_ASSIGNED TASK_
Your whole reply should be the lines from the one that contains "The Family Curse and Other Stories" through the last line of the listing, copied exactly.

= Beginning of Section =

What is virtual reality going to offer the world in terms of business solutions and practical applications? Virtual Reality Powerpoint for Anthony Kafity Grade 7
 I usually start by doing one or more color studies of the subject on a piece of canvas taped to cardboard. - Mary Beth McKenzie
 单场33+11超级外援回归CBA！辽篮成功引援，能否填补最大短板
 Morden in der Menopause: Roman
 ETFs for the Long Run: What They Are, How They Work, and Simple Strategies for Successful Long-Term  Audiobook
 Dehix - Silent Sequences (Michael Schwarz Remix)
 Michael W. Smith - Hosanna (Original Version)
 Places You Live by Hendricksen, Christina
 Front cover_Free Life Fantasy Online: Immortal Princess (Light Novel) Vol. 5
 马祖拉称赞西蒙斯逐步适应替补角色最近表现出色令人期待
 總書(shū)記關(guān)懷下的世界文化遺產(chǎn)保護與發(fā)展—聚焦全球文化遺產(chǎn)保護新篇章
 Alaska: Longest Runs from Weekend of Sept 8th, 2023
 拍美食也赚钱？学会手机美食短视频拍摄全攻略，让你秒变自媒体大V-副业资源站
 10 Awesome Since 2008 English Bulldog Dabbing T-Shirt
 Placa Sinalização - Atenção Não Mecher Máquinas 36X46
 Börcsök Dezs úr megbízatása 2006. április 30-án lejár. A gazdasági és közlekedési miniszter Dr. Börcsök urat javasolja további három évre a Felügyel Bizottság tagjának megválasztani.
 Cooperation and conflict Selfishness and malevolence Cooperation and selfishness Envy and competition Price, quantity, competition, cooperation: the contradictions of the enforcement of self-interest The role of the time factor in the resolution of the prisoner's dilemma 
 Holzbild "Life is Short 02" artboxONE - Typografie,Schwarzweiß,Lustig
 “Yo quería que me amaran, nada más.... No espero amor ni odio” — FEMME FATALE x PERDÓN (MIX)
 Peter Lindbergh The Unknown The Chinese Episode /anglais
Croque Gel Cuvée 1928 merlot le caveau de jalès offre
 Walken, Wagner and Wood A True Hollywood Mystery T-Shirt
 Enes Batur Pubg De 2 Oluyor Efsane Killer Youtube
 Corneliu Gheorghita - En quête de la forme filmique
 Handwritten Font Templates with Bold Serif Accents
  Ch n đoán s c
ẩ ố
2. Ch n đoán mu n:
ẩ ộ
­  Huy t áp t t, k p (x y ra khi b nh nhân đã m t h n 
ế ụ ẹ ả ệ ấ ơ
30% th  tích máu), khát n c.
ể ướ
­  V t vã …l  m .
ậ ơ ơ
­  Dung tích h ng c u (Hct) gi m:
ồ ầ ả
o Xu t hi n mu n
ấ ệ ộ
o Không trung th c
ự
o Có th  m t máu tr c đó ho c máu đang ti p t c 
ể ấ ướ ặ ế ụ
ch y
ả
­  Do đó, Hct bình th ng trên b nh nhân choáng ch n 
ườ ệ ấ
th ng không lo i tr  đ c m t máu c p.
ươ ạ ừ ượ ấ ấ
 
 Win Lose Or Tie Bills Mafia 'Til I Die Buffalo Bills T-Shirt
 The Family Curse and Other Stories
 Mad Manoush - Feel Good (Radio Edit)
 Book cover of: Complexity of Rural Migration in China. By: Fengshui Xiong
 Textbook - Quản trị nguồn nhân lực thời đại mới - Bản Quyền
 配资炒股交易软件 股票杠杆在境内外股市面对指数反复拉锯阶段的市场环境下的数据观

= End of Section =

_WRITTEN SOLUTION_
 The Family Curse and Other Stories
 Mad Manoush - Feel Good (Radio Edit)
 Book cover of: Complexity of Rural Migration in China. By: Fengshui Xiong
 Textbook - Quản trị nguồn nhân lực thời đại mới - Bản Quyền
 配资炒股交易软件 股票杠杆在境内外股市面对指数反复拉锯阶段的市场环境下的数据观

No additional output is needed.